Can you share a particularly memorable experience or encounter you've had while photographing wildlife?


I think it is fair to say that every moment I spend with wildlife is memorable as I have the photos to prove it lol but my favourites would be the first time I saw a hummingbird I was in tears as I had waited all my life to see them, let alone photograph them , And the second best time I would say was when I sat amongst gorillas in Uganda. Not only did I have a silver back brush against my shoulder but I had two babies play in front of me so close I had to film them with my phone.


How do you approach photographing different species of animals, particularly ones that are dangerous or difficult to access?
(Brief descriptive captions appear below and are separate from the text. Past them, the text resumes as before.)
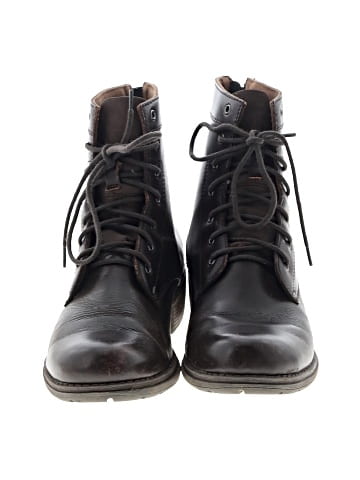Eastland Ankle Boots (view 2)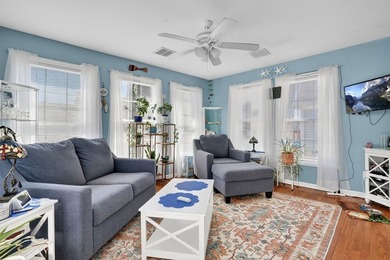 Up to $10,000 in closing cost assistance! Welcome to this - photo 21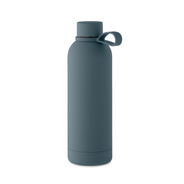 Recycelte Vakuum-Isolierflasche, 500ml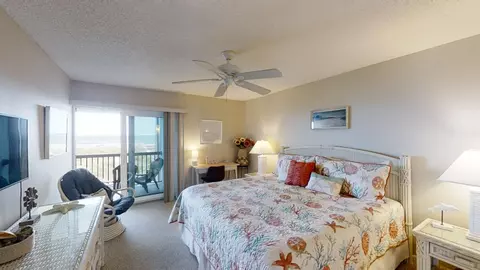 Bedroom - 5 Bermuda Run Way, Saint Augustine, FL 32080 photo 1 of 5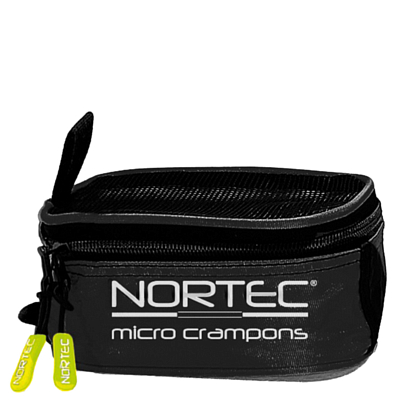 Кошки Nortec Fast Lemon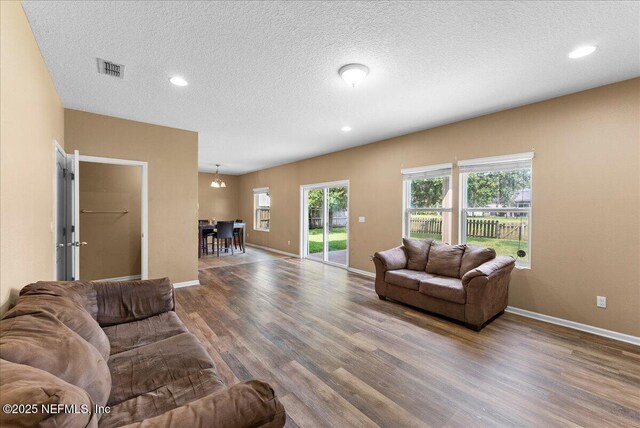 15914 Bainebridge Dr, Jacksonville, FL 32218 - photo 16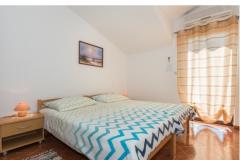 Apartamenty Kamelia Apartament 3 – Apartman 3 foto 4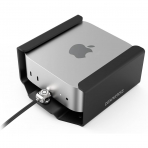 Compulocks Maclocks Mac Mini M4 Gvenlik Aparat(Kilit)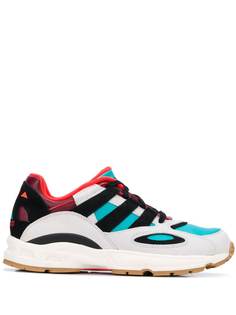 adidas LXCON sneakets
A lot of planning and research goes a long way before you photograph anything. Then of course if you can hire a knowledgeable photographic guide as opposed to a spotting guide then learn from their knowledge. If you are on your own, then respect to the species is paramount but it is easy to get lost in the euphoria and do something stupid if you are not careful.


How do you post-process your images, and what software do you use?


I mostly use Photoshop. I skip through my work looking for a shot that stands out and hopefully if I have planned everything properly and set my equipment properly, then minimum processing is involved. I also now use Topaz on occasion if the light is poor


What advice would you give to someone who wants to pursue wildlife photography as a hobby or career?


Watch as many documentaries as possible, buy the most expensive glass you can afford as you might only see the species once and it will give you the clearest shots. Spend time with someone with experience and listen to their advice. Respect your subject at all times as you are a visitor in their space and you should feel honoured that they are interacting with you.


What projects are you currently working on or planning for the future?


I've just returned from Tobago for the Hummingbirds so now I will be photographing kingfishers this Saturday, then I plan to go to Bulgaria in June for European birds, Scotland in August for Osprey. Borneo in October to photograph the Orangutans.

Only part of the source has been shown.